Donors take to the internet to help their communities
April 30, 2013
Many people use the internet in their everyday lives, so why shouldn't the web be used when considering fundraising efforts? Moving donation platforms online allows individuals to give what they can no matter where they are, as long as they have a computer, tablet or smartphone nearby.
This is how people chose to help out their neighbors in Minden Hills, Ontario, after a recent flood. The Haliburton Echo revealed that the Gull River overflowed, affecting many small towns in central Ontario, and individuals are looking for ways to help out. Though a few unauthorized fundraising projects have cropped up, the newspaper suggested interested parties should go to the Minden Hills official town website for direction on which legitimate websites are accepting donations.

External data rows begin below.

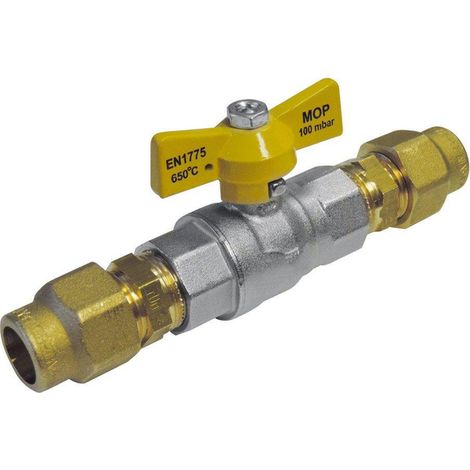 Nemo Go vanne a bille pour gaz naturel et gpl ø15mm x ø15mm chromé mat (1/2)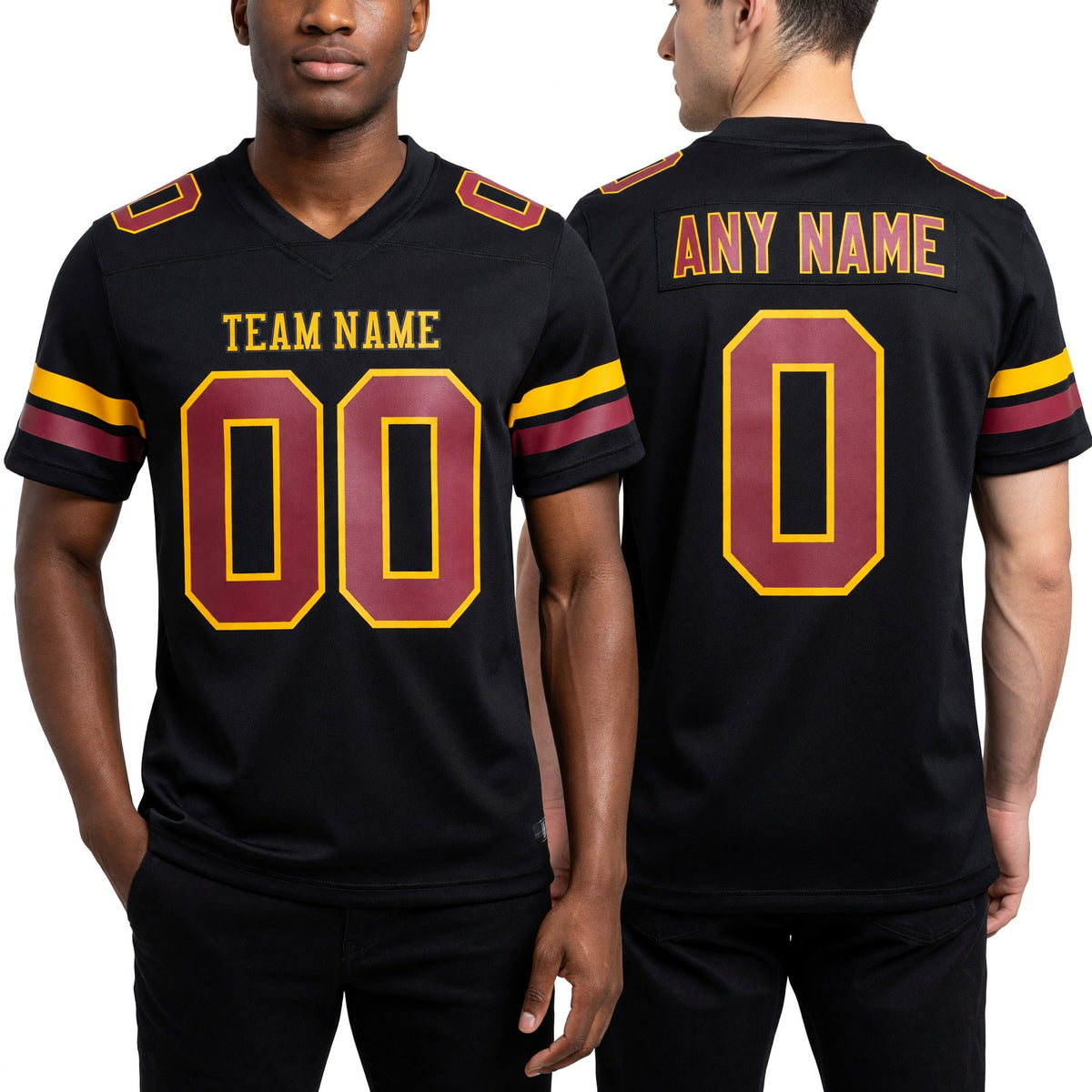 Custom Black Cardinal-Gold Authentic Football Jersey worn front and back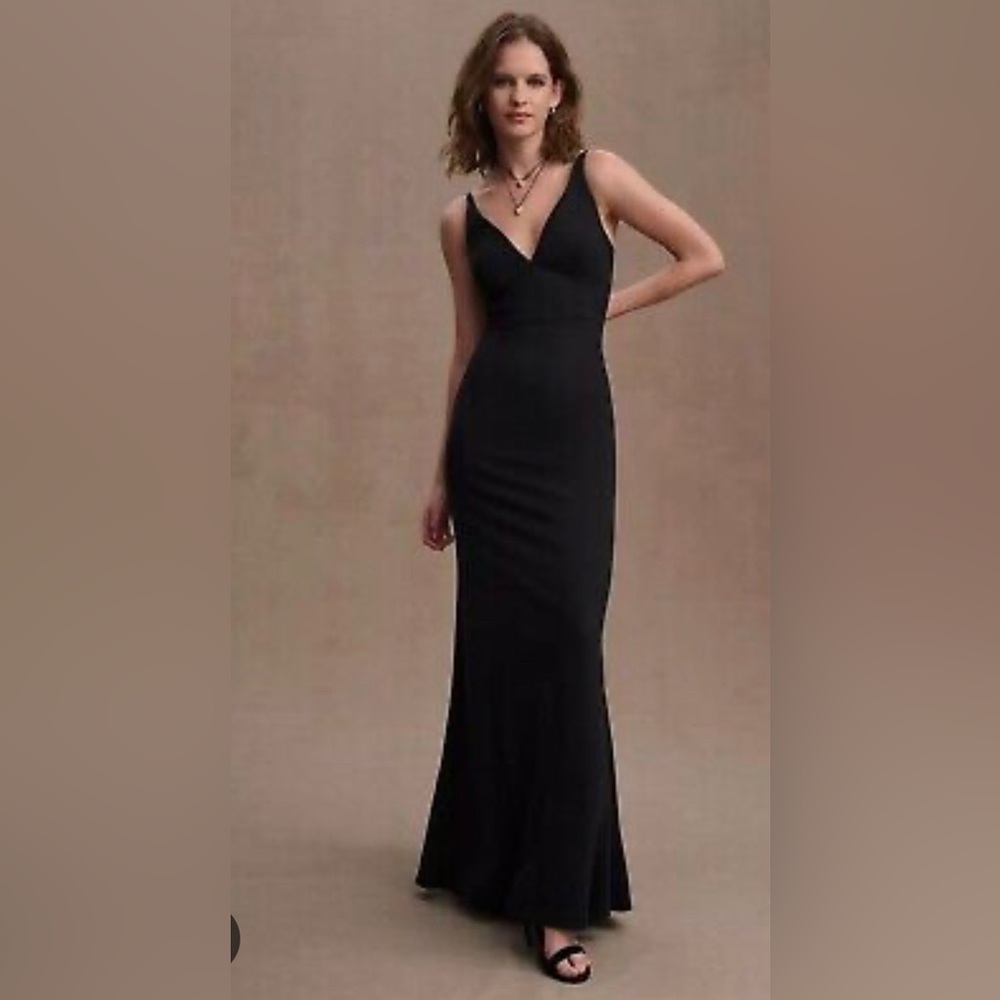 BHLDN Jones V-Neck Crepe Dress in Black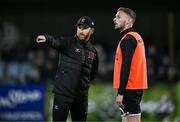 27 October 2023; Dundalk head coach Stephen O'Donnell with Andy Boyle of Dundalk before the SSE Airtricity Men's Premier Division match between Dundalk and Bohemians at Oriel Park in Dundalk, Louth. Photo by Ben McShane/Sportsfile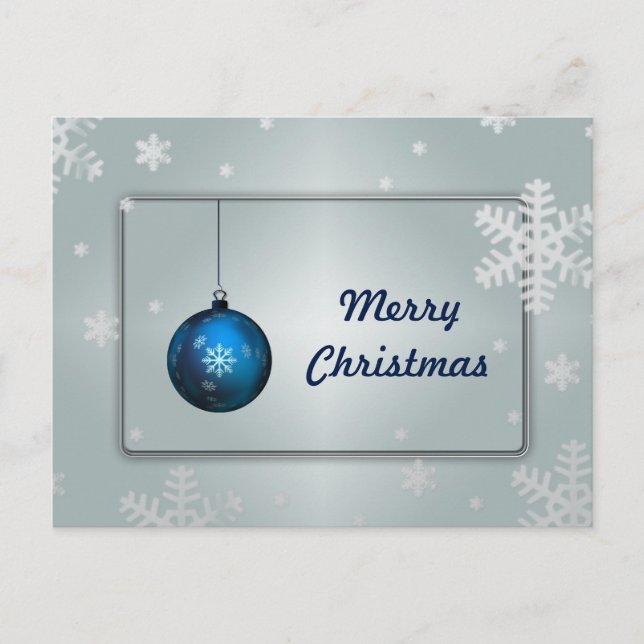 Decorative Silver Snow Blue Ball Merry Christmas Holiday Postcard (Front)
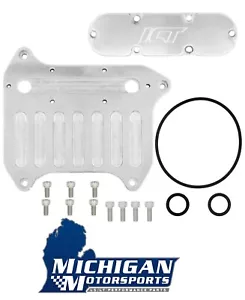 2016+ Camaro LT1 LT4 Oil Cooler Block Off Plate ICT Billet BLP-LT1-01 Blockoff - Picture 1 of 9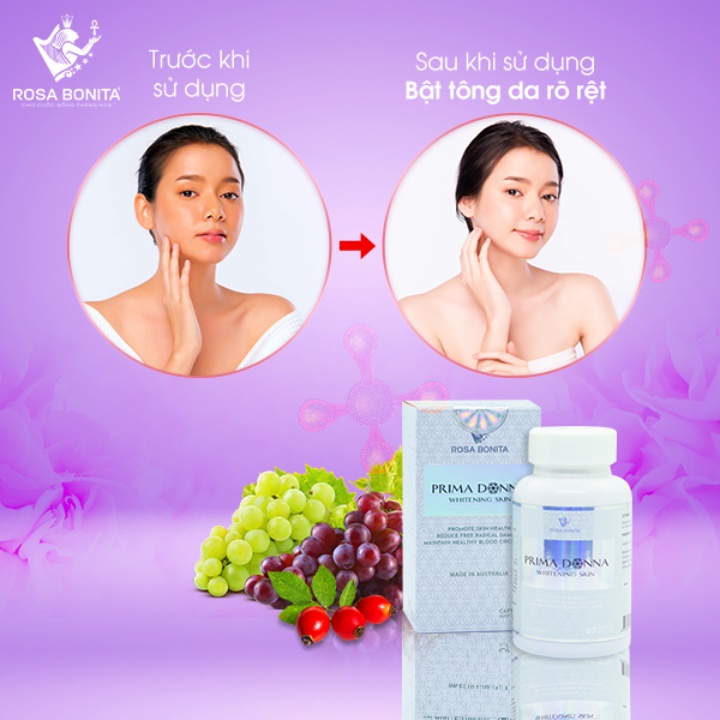 Viên uống mờ nám Prima Donna chiết xuất thiên nhiên nhập khẩu Úc lọ 60 viên Rosa Bonita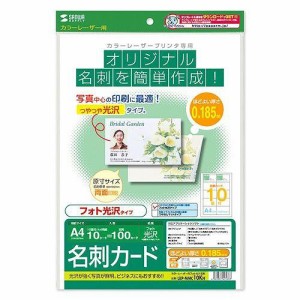 サンワサプライ カラーレーザー用フォト光沢名刺 LBP-MMC10KN(代引不可)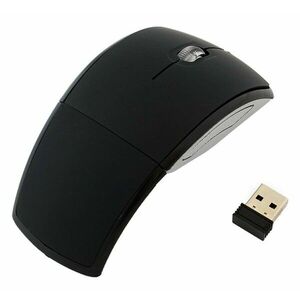 Mouse optic pliabil fara fir, forma ergonomica, intrare USB, 1200DPI, 11 x 6 x 3, 5cm, negru imagine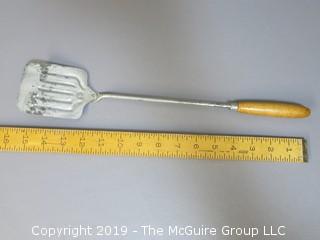 Slotted Spatula with wood handle; unpainted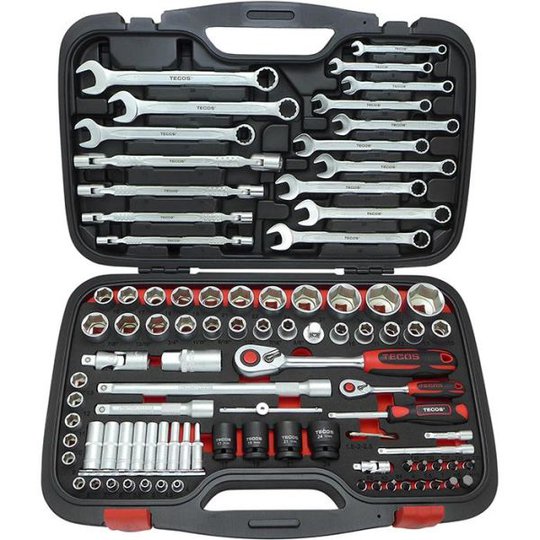 Tecos T-2094 Hylsnyckelsats 94 delar, 1/2"+1/4"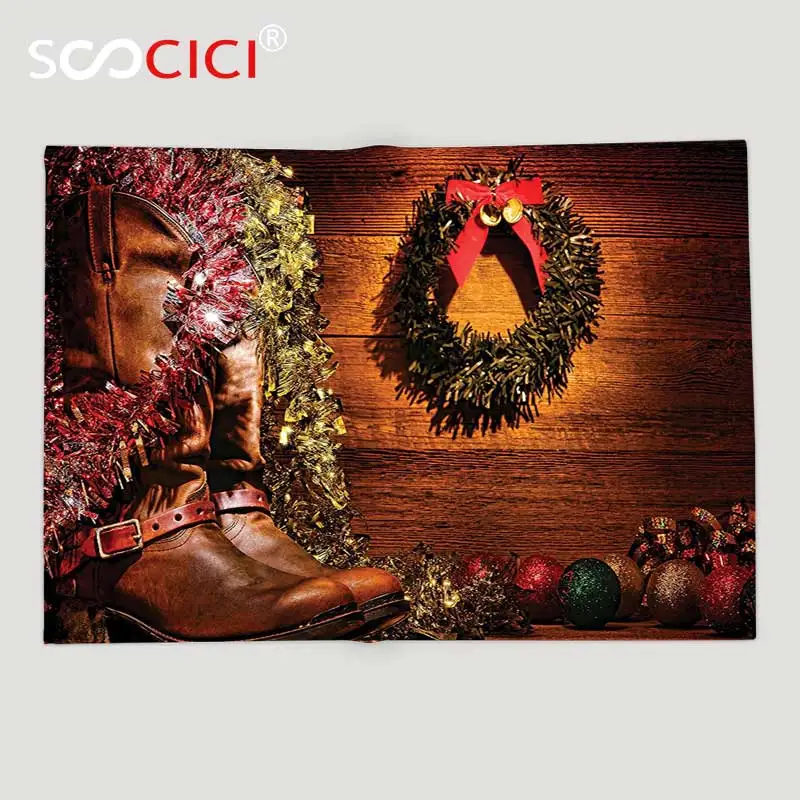 

Мягкое Флисовое одеяло на заказ, ковбойские сапоги и рождественские украшения в винтажном стиле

Many people have already responded online, and Minden Hills was quick to set up initiatives on the web.
Using the internet to donate money to local causes is nothing new for a number of individuals. Incorporating technology into the fold when fundraising has been a lucrative avenue in the past few years. For example, the New York Daily News reported that artists in Queens recently set up an Indiegogo campaign so that local patrons of the arts can help the Dot the Connective group buy new equipment like cameras and audio devices.
As foundations tap into emerging digital channels to raise funds online, they can benefit from nonprofit fundraising software that tracks incoming donations and quantitatively measures the success of their efforts.